Multivariate Testing: Promises and Pitfalls for High-Traffic Websites

Multivariate Testing for High-traffic Websites

Multivariate testing offers high-traffic websites the ability to find the right combination of features and creative ideas to maximize conversion rates. However, it is not sufficient to simply throw a bunch of ideas into a pot and start testing. This article answers the question, What is a multivariate test?, explains the advantages and pitfalls of multivariate testing, and offers some new ideas for the future.

If you run a relatively high-traffic site, consider this question: Will I profit from running multivariate tests?

Before we dive into the question, let’s be sure to define the terms. I’ll talk about the dangers of doing an multivariate test (MVT) and when you should consider using them.

What Is Multivariate Testing?

Multivariate testing is a technique for testing a hypothesis in which multiple variables are modified.

Multivariate testing is distinct from A/B testing in that it involves the simultaneous observation and analysis of more than one outcome variable. Instead of measuring A against B, you are measuring A, B, C, D & E all at once.

Whereas A/B testing is typically used to measure the effect of more substantial changes, multivariate testing is often used to measure the incremental effect of numerous changes at once.

This process can be further subdivided in a number of ways, which we’ll discuss in the next section.

Multivariate, Multi-variant or Multi-variable

For this article, we are focusing on a specific way of testing in which elements are changed on a webpage. Before we dive into our discussion of multivariate testing, we should identify what we are talking about and what we are not talking about.

One of the frequent items tested is landing page headlines. Getting the headline on the page can significantly increase conversion rates for your landing pages. When testing a headline, we often come up with several variants of the words, testing them individually to see which generates the best results.

A multi-variant tests multiple variants of one variable or element.
A multi-variant test with multiple variants of one variable or element.

This is a multi-variant test.

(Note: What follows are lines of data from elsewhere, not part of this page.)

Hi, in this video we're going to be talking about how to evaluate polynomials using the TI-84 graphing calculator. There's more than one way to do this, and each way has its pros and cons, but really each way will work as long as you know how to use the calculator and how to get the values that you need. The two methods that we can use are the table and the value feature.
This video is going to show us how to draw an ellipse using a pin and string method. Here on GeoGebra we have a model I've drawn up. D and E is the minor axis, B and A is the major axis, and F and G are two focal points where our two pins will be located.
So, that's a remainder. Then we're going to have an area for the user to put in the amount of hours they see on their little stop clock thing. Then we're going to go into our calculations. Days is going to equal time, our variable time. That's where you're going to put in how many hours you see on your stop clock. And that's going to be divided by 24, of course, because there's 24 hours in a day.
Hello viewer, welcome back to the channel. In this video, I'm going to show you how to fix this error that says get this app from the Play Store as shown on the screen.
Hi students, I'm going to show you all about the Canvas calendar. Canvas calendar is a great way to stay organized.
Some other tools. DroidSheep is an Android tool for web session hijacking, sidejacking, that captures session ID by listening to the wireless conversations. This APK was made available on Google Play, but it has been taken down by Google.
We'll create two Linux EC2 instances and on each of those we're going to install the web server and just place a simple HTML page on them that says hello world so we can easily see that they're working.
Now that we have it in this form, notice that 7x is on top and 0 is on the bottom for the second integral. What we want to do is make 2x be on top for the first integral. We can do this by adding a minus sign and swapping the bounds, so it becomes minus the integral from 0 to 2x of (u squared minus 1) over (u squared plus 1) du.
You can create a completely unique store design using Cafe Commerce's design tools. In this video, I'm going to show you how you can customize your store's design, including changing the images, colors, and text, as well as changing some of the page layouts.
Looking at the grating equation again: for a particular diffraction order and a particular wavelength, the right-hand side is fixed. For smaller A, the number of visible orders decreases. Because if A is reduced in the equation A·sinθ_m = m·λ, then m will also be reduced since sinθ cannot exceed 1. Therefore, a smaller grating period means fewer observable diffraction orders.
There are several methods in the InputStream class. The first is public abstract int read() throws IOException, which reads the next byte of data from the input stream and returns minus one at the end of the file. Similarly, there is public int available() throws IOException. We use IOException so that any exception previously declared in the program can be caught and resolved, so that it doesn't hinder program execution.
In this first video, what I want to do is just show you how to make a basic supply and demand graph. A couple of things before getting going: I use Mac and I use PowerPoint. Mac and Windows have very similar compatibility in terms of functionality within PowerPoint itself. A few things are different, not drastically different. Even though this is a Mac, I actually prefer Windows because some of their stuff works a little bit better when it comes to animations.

It changes one thing–one variable–but provides a number of different variants of that element.

Now suppose we thought we could improve one of our landing pages by changing the “hero image” as well as the headline. We would test our original version against a new page that changed both the image and the headline.

An example of a multi-variable test. Here we are testing the control against a variation with two changes, or two variables.
An example of a multi-variable test. Here we are testing the control against a variation with two changes, or two variables.

This is a multi-variable test. The image is one variable and the headline is a second variable. Technically, this is an AB test with two variables changing. If Variation (B) generated more leads, we wouldn’t know if the image or the headline were the biggest contributors to the increase in conversions.

To thoroughly test all combinations, we would want to produce multiple variations, each with a different variant of the variable.

Two variable with two variants each yield four page variations in this multivariate testing example.
Two variables with two variants each yield four page variations in this multivariate testing example.

In the image above, we have four variations of the page, based on two variables (image and headline) each having two variants. Two variables times two variants each equals four variations.

Confused yet?

A multivariate test, then, is a test that tests multiple variants of variables found on a page or website.

To expand on our example, we might want to find the right hero image and headline on our landing page. Here’s the control:

The Control in our multivariate test is the current page design.
The Control in our multivariate test is the current page design.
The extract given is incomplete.